The survey showed that companies rarely make a corporate service promise to their consumers - service expectations are driven by brand promise, word of mouth and past experiences. Only three companies seemed to be able to deliver consistently on brand promise: Vodacom, Outsurance and KFC.

Different expectations

In addition, roughly 40% of customers have different service expectations from different companies and industries which make companies sensitive to churn due to poor service. “Industries most exposed to churn due to service are airlines, short-term insurance, automotive and petrol-chemical.
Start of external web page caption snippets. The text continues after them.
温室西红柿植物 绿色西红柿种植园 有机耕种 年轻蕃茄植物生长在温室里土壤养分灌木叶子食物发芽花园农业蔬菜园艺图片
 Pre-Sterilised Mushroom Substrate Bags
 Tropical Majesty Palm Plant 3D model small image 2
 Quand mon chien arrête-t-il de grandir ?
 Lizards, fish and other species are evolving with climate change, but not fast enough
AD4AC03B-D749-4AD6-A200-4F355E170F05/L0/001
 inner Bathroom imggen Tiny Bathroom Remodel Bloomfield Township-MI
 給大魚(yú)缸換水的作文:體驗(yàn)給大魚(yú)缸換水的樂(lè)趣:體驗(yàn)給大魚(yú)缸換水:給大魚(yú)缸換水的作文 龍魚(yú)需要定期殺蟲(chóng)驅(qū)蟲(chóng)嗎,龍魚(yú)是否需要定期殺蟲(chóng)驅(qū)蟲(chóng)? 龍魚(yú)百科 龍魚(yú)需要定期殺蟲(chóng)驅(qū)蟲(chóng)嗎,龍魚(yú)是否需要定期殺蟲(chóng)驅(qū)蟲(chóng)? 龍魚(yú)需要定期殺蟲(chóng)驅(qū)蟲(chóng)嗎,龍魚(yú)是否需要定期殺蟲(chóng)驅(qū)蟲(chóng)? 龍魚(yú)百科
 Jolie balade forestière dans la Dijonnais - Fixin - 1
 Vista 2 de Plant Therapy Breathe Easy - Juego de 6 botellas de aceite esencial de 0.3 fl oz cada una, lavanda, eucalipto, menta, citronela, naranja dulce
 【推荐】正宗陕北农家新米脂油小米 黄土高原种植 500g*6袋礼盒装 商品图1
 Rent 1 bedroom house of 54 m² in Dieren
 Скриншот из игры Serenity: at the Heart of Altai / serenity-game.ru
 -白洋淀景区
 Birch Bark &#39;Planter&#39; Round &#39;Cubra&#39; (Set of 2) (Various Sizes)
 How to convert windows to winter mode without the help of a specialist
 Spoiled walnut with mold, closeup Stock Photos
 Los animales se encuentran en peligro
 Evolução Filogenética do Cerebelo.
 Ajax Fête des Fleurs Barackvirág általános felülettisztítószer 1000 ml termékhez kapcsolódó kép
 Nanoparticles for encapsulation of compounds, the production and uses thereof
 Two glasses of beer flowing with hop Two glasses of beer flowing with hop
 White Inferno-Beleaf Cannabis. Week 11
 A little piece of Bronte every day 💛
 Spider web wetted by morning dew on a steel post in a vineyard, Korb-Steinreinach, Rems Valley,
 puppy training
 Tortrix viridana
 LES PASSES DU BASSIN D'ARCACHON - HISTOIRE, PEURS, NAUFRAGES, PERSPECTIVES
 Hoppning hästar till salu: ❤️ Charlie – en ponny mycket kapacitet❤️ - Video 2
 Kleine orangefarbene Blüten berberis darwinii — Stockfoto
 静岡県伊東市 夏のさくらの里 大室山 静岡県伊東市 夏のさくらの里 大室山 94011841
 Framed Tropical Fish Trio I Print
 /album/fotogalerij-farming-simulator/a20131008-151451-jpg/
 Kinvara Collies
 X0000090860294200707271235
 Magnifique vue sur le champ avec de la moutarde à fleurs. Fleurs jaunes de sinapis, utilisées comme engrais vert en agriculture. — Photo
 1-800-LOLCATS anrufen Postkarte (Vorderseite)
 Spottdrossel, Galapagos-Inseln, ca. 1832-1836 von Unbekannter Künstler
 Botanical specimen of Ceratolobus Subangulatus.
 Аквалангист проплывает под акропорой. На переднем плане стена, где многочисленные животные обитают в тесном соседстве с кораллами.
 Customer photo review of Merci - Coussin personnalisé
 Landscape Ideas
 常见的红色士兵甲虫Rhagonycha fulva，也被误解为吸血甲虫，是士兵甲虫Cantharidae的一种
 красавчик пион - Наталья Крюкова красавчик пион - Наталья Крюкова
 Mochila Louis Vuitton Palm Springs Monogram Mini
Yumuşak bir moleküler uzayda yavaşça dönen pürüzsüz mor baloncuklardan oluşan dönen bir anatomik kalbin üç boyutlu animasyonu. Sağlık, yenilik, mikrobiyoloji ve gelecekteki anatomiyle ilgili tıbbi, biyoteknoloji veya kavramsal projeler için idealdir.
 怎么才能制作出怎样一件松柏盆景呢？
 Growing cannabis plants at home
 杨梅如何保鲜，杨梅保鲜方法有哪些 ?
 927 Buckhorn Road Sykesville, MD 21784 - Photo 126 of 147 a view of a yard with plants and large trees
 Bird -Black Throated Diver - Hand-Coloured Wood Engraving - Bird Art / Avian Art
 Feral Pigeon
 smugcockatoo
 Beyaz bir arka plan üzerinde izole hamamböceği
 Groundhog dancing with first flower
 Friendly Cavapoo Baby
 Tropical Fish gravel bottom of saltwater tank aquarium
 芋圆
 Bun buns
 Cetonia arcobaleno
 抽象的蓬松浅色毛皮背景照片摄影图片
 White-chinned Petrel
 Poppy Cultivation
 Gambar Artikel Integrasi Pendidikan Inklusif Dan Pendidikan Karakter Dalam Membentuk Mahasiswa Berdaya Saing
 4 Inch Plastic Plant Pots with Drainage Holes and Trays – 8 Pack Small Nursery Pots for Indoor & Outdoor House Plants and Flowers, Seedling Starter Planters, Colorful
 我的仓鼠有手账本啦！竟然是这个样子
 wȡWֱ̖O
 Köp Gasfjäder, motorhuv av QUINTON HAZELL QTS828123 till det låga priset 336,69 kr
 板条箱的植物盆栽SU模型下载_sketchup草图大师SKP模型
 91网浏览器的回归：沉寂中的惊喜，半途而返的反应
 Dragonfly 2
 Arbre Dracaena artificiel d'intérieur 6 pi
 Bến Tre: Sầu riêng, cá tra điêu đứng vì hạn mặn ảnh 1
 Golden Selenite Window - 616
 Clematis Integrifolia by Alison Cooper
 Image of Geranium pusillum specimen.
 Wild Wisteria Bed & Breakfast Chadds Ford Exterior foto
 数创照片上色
Conversely, those industries are more likely to attract customers with good service,” says Rademeyer.

The Orange Index also revealed that the best service channels are not necessarily the call centres.

Maria Petousis, senior business analyst at Ask Afrika, explains, “The hunt for personalised, responsive service leads the consumer towards the branch channel for most industries. Call centres usually fail, as the processes serve to alienate the agent from the consumer. The Index results really drives us to ask what the purpose of the call center channel initially was- infrastructure saving or de-personalisation of the service interaction.

In addition, increasing choices create a change in customer expectations and consumers have become more value conscious. This enforces the importance of positive word of mouth.”

Finally, Rademeyer warns that delighting the customer will become an increasingly difficult task in the predicted future for all industry sectors. “Changing technology and generation factors imply changes in customer expectations and quality service becomes a hygiene factor. An increasing plethora of choice for all increases competition and places a new emphasis on customer retention.

“Companies need to take action to address their customer service concerns, and can include improving processes, improving staff loyalty and training, and improved monitoring and control. What these actions have in common is that they aim to address the root causes. An improvement in our ability to take action on service quality is vital to success,” she concludes.